■ Task goal
Give again exactly, and only, the lines between the line holding "Flexibel LED Gordijn" and the end of the listing, both boundary lines included.

==== Given information ====

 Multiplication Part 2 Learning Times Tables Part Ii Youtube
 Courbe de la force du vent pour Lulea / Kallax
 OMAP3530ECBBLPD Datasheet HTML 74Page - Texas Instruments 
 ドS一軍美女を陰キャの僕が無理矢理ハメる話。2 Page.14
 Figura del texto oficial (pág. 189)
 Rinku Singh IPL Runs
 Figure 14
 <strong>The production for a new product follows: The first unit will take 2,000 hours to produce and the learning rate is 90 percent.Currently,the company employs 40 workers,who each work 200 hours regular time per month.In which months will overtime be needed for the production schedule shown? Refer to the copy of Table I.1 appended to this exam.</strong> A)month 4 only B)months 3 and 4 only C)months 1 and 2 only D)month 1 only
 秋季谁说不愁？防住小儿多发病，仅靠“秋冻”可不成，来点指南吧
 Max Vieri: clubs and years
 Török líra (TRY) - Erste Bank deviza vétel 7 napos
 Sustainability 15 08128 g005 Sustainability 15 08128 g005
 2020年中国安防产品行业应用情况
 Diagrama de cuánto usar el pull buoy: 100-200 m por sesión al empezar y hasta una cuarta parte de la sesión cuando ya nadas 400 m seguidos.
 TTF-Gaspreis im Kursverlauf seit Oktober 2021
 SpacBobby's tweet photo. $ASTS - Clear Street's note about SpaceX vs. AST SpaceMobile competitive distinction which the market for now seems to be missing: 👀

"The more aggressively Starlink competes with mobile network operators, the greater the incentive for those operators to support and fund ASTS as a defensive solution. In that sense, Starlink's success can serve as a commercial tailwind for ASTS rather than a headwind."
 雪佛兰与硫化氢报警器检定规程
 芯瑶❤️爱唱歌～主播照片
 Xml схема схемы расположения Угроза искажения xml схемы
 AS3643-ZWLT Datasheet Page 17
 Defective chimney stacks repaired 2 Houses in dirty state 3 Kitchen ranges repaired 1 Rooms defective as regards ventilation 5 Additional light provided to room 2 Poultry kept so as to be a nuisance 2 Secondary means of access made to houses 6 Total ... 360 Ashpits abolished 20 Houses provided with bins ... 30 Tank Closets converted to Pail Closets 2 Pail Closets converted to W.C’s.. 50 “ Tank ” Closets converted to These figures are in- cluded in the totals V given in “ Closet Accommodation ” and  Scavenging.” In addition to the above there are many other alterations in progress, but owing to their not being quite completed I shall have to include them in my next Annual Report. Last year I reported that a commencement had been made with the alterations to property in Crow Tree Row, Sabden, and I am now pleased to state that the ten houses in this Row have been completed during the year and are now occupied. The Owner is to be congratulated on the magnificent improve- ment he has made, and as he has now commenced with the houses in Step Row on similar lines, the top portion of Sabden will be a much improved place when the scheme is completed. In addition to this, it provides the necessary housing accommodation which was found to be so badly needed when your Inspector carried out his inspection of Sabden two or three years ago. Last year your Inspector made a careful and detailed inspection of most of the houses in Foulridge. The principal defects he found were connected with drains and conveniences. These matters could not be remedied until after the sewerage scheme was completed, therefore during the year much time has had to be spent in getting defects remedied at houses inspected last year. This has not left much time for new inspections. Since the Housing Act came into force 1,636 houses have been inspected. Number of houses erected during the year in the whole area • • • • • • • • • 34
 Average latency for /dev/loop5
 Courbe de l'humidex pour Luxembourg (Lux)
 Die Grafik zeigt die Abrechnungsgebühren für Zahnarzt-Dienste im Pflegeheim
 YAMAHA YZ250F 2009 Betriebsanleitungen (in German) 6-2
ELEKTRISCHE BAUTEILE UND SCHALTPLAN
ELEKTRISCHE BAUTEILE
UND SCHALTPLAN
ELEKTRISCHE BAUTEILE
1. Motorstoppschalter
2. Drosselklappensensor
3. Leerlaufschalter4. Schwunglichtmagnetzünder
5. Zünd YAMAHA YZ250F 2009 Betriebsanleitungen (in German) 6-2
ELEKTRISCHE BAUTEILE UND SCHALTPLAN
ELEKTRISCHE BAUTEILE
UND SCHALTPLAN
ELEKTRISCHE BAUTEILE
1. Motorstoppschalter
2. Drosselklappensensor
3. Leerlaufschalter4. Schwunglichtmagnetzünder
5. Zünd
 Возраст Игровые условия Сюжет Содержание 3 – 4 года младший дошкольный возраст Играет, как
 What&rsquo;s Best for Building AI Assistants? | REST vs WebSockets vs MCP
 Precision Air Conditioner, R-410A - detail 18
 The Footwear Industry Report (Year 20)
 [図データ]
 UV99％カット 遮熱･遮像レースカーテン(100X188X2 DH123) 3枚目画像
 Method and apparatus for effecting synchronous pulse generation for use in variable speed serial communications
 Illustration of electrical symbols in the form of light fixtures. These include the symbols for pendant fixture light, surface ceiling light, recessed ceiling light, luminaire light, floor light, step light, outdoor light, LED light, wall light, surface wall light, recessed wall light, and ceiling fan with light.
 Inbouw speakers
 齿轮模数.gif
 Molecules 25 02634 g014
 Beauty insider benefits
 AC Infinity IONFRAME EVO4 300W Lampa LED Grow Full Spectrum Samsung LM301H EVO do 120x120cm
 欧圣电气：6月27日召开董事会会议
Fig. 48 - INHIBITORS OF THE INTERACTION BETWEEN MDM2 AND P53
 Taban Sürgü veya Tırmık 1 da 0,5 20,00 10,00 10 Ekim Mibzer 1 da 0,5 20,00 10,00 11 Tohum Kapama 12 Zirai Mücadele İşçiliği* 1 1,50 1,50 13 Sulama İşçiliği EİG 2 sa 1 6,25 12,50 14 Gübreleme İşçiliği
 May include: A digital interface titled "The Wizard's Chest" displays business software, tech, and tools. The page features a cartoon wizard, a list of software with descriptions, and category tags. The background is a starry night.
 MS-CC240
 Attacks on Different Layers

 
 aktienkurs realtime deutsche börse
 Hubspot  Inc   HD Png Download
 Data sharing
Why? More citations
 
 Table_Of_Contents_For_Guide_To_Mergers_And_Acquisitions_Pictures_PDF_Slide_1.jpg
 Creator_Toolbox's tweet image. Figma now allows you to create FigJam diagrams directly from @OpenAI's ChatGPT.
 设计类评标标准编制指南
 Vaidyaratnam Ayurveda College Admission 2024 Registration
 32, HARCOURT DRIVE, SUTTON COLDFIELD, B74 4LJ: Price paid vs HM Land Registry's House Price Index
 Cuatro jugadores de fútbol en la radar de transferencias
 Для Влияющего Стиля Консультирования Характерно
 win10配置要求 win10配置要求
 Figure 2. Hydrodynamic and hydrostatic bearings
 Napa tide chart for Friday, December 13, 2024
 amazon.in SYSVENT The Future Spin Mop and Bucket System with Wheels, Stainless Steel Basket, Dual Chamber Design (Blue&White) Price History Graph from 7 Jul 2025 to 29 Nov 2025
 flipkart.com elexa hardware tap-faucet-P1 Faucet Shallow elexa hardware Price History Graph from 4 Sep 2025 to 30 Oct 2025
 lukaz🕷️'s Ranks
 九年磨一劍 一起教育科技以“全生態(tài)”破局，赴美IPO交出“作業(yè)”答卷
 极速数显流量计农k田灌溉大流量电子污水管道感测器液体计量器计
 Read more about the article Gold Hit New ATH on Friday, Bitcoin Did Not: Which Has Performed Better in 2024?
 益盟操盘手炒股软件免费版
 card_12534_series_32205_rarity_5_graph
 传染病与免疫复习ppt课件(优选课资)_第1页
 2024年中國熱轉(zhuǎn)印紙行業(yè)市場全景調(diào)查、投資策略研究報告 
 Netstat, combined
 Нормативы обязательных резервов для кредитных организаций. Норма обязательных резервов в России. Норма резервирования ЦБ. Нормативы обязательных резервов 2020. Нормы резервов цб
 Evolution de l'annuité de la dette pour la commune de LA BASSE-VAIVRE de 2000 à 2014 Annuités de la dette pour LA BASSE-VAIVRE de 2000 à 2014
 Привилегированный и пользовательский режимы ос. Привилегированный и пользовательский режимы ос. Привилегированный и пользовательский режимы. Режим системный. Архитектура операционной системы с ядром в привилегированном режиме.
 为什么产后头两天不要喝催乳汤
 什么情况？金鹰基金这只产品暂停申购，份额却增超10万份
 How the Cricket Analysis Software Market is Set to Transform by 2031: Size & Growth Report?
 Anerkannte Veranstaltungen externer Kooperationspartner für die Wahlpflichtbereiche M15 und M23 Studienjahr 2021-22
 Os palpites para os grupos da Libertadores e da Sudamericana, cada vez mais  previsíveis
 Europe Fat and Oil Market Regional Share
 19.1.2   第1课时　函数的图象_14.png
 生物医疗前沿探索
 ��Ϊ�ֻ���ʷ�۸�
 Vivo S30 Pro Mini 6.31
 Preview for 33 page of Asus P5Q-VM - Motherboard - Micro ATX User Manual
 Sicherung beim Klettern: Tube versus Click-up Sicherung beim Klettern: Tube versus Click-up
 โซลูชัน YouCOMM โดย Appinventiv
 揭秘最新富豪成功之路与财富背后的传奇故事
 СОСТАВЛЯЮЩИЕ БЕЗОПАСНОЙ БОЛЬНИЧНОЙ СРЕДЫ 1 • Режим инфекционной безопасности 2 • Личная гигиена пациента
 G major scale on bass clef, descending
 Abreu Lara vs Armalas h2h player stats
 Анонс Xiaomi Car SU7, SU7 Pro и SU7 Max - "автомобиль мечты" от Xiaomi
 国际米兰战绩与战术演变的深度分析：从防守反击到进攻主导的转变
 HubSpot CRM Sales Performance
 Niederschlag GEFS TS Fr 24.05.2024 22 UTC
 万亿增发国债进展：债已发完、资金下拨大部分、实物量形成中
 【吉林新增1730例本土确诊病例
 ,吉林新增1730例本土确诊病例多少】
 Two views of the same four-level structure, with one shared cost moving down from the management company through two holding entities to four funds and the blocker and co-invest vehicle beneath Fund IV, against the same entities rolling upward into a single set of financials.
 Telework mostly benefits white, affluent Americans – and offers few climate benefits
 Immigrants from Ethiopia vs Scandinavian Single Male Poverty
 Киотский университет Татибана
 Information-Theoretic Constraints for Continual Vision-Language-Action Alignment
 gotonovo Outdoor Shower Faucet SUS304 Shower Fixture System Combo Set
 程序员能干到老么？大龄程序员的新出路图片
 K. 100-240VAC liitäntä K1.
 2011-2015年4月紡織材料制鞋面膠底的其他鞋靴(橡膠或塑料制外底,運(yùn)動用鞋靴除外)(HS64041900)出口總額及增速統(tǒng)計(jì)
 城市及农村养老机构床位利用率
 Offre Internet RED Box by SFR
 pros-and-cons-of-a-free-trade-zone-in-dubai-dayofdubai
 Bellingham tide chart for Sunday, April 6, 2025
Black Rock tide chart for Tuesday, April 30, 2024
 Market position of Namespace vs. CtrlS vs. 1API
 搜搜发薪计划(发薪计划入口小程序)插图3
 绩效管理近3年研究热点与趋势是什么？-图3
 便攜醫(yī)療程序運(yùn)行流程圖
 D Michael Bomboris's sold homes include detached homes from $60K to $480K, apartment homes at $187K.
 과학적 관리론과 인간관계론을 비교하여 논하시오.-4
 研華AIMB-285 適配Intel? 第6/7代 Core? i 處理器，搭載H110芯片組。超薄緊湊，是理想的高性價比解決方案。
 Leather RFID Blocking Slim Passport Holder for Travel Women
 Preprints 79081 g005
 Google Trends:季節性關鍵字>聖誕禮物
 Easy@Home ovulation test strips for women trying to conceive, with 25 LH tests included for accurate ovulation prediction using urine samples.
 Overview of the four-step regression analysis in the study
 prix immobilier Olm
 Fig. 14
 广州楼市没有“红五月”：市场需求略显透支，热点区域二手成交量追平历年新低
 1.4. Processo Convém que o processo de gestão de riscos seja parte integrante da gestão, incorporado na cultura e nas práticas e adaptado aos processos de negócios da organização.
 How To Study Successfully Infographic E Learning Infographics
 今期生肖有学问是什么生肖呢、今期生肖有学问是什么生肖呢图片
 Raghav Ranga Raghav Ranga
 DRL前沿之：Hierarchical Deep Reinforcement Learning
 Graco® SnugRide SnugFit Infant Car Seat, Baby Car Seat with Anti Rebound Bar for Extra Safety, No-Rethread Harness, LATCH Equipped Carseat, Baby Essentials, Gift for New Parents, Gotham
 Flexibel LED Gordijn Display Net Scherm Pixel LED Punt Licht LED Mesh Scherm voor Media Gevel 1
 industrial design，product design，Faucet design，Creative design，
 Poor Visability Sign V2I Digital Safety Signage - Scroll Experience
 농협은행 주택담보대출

====

■ Exercise output
 Flexibel LED Gordijn Display Net Scherm Pixel LED Punt Licht LED Mesh Scherm voor Media Gevel 1
 industrial design，product design，Faucet design，Creative design，
 Poor Visability Sign V2I Digital Safety Signage - Scroll Experience
 농협은행 주택담보대출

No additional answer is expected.